Perhaps this why some around us do not seem to possess the inadequacies that the rest of us do. Perhaps they know how to ignore that manipulative voice in their head telling them they can't. Or perhaps, they simply don't notice these things. They are full of confidence and spunk. Or obliviousness.

"The trouble was, I had been inadequate all along. I simply hadn't thought about it." ~ Sylvia Plath

How interesting that would be? Sometimes I am oblivious. But rarely to my own inadequacies.

Myself and my late Mamaw in early
2000s. Look at those Mudd Jeans!
They started early. All of my life, I've been a rather "big" girl. Or at least I always felt like one. In my mind, all of my friends were much shorter and thinner than me in my formative years and it stuck with me. I always felt like a bull in a china shop, as the old adage goes. 

So I spent my life trying to make myself smaller. I took smaller steps, I spoke quietly and I tried everything in my power to do nothing to draw attention to myself or my frame. I tried to not speak, for fear I would say the wrong thing. Or that I would simply talk too much. I tried to be in the room, but not in the way.

As I get older, I see other young people in my life who do the same. I recognize that look in their face. They want to be part of what's going on, but they just hope no one will notice that they don't belong.

Sometimes, I still feel that same sense washing over me. That wanting to be part of the group, but never quite feeling that I am.

I wonder.

Does that ever go away?

Is there ever a point in our lives where we recognize that we don't have to make ourselves fit into others' groups? We don't have to continue to squeeze a "square peg into a round hole," [comment if you get the movie reference there] but we finally find where all the pegs fit?

I'm still working on finding that space. I'm trying to create that space around me. The space to be who I am.

But I find, as I do, that people who once thought I fit with are realizing I no longer do. They wonder what's changed about me, when I became some strange new person they don't recognize.

I wonder why it took them so long to realize I was never who they thought I was. 

Sometimes I want to go up to those who I see trying to force themselves into the wrong fit and tell them it doesn't have to be this way. I fully believe, when you are comfortable with who you are, with who God made you to be, you will find where you belong. 

"When you are oppressed with constant thoughts of your inadequacy, recognize the voice of accusation for who it is.

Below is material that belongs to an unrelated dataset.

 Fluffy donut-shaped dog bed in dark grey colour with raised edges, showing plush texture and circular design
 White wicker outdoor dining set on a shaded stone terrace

It certainly isn't God." ~Sally Clarkson, The Mom Walk

But, I will say, I suspect it doesn't look anything like the place you imagined.

At the doggy daycare.
I love my part-time job!
I'm not there yet. Each day, I feel like I move a little closer to being who I was designed to be. Yet at the same time, I can feel that voice in my head, trying so hard to make me sit back down. Trying so hard to make me return to being the invisible voice.

It's hard to be seen, truly seen. But to you who are trying, to you who are learning who you are and who you are meant to be, I see you. I tip my hat to the effort you are making. 

Don't let those doubts or inadequacies weigh you down.

Don't let those who who are uncomfortable with what they see when they finally see the real you -- don't let them dictate who you are.

Bear with me friends. I'm still finding who I am, too. It takes some time to undo the self-imposed nonsense and the demands I've put on. But I'm on this journey too.

Even if no one else is, I'm rooting for you.

I have pizza wings! Taken during a day of 
exploring with my love, outside two of
his favorites: Skyline and LaRosa's.